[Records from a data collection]
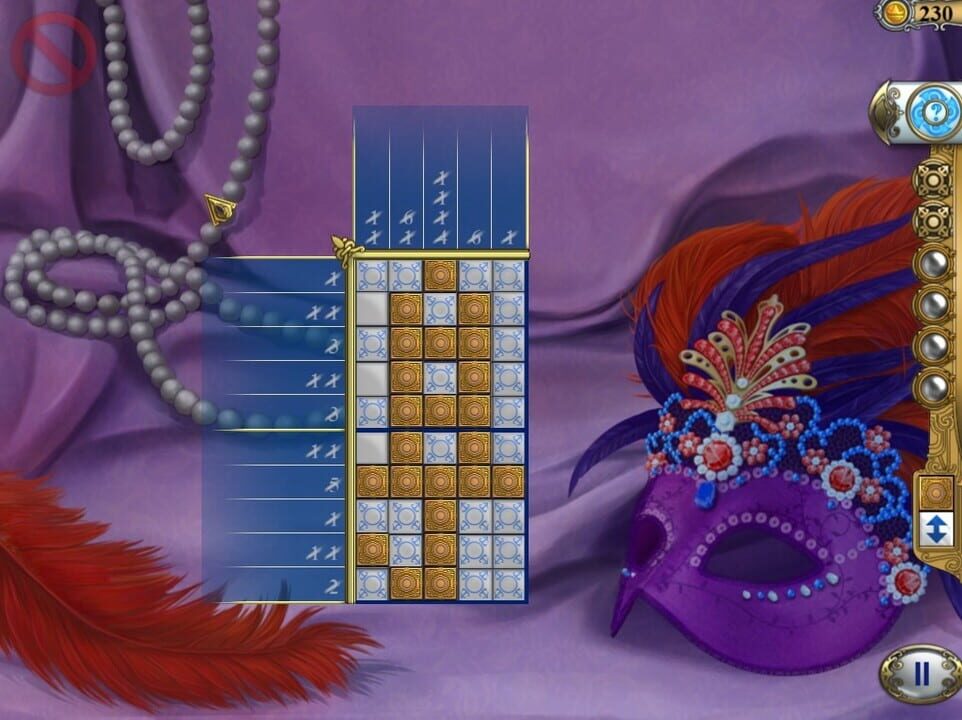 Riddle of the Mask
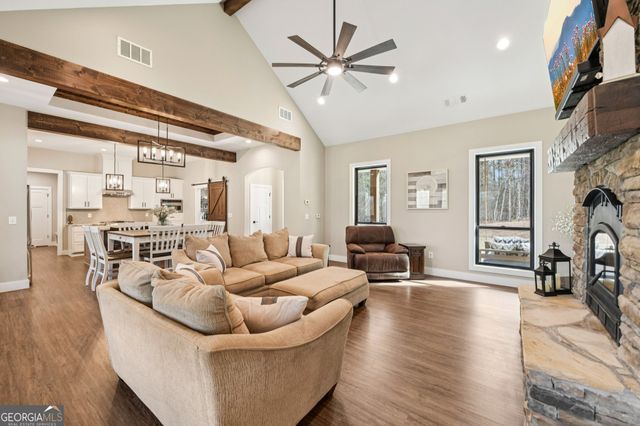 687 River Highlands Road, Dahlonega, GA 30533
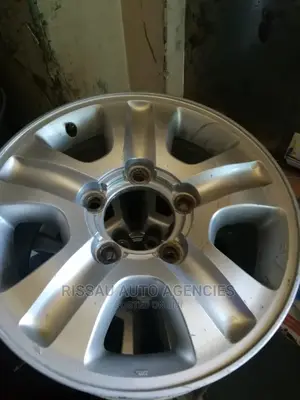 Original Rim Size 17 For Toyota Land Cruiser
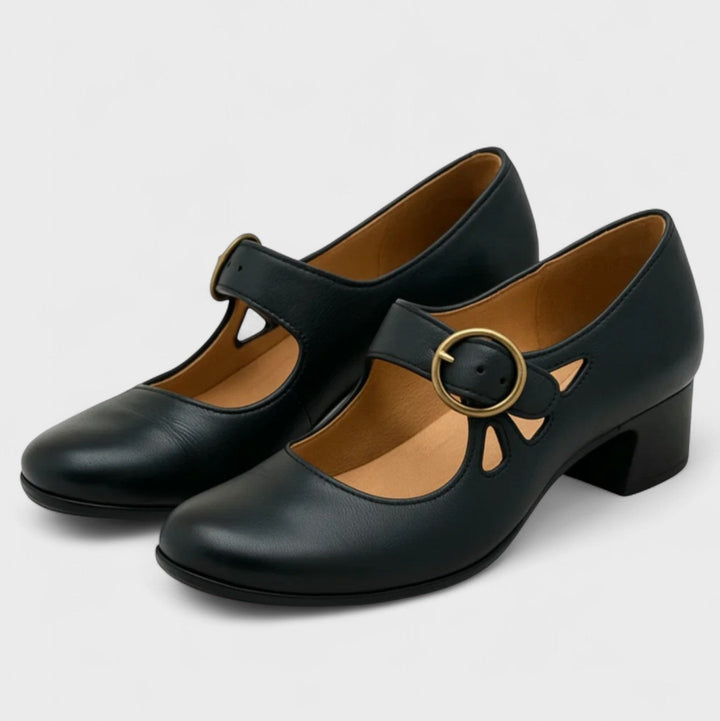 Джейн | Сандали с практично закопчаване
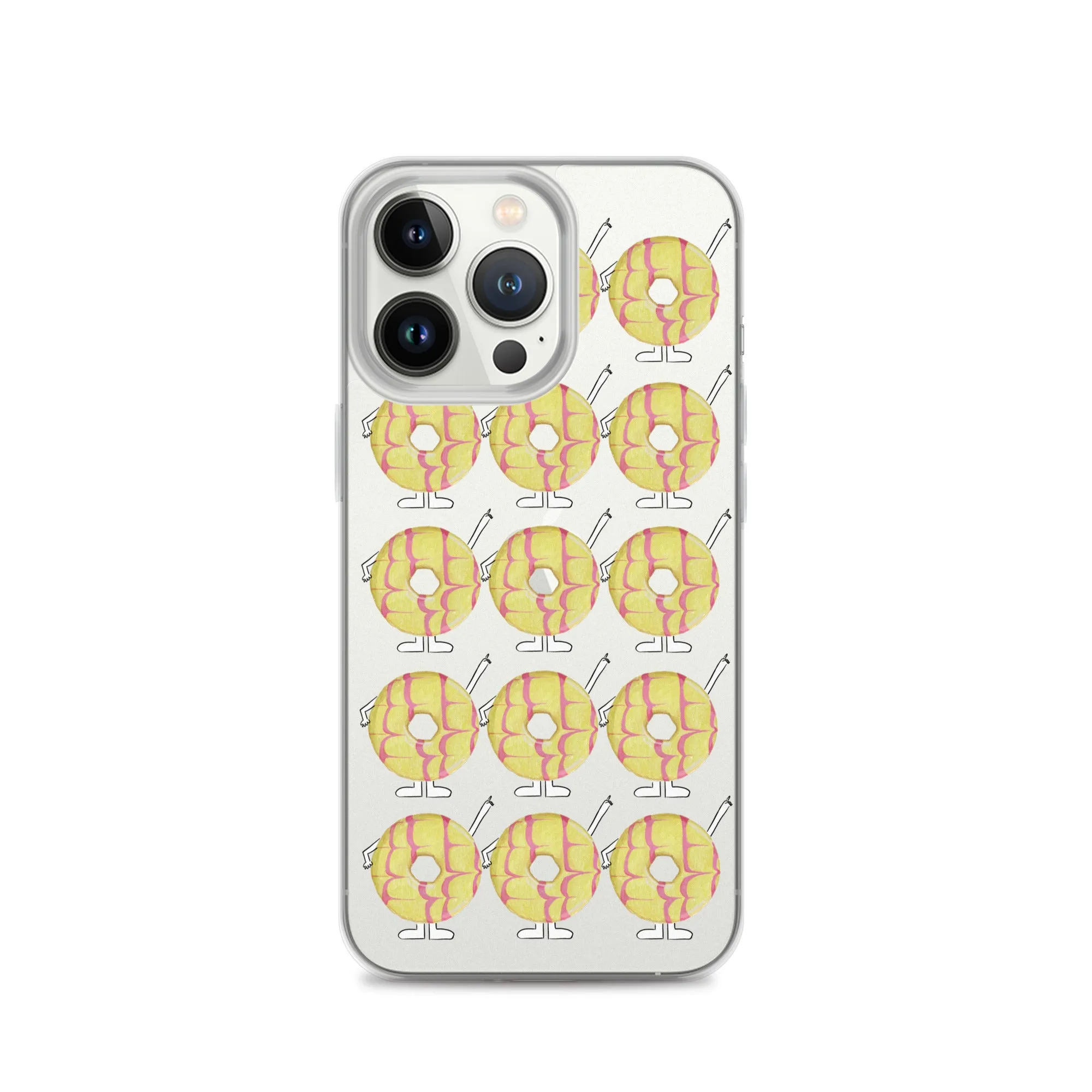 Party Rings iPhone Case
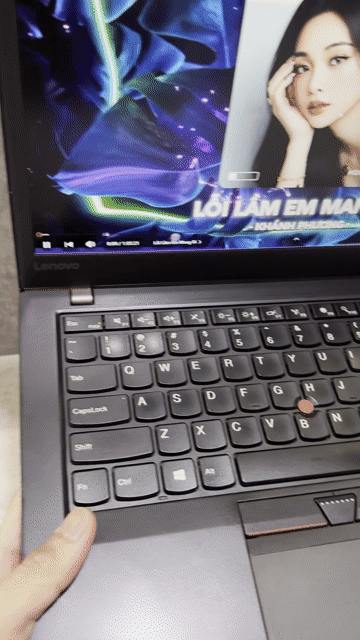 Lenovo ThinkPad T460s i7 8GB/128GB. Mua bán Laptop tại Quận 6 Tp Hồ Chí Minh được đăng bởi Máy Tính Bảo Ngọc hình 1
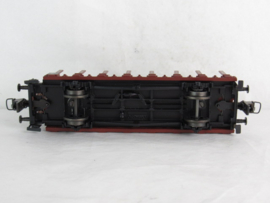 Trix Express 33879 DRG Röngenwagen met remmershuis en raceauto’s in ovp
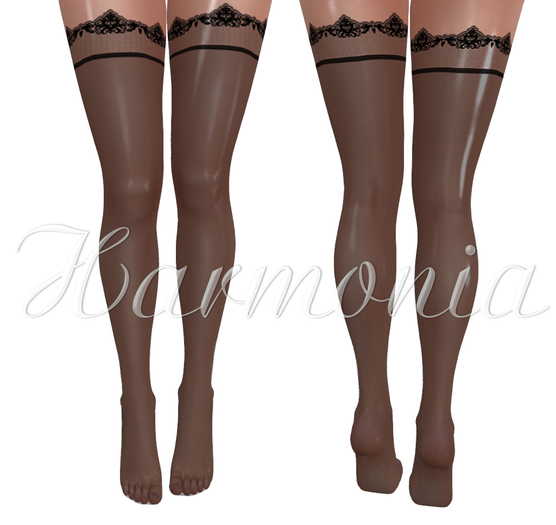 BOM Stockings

...

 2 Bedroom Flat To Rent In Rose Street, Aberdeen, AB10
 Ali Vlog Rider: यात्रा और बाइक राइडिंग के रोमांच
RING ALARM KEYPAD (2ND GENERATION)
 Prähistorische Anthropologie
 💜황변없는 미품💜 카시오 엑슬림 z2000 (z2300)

▶ [Required work]: With the pictures omitted, print the lines above exactly, beginning at the line with "Party Rings iPhone Case" and going on through the line with "BOM Stockings".

▶ [Written solution]:
 Party Rings iPhone Case
 Lenovo ThinkPad T460s i7 8GB/128GB. Mua bán Laptop tại Quận 6 Tp Hồ Chí Minh được đăng bởi Máy Tính Bảo Ngọc hình 1
 Trix Express 33879 DRG Röngenwagen met remmershuis en raceauto’s in ovp
 BOM Stockings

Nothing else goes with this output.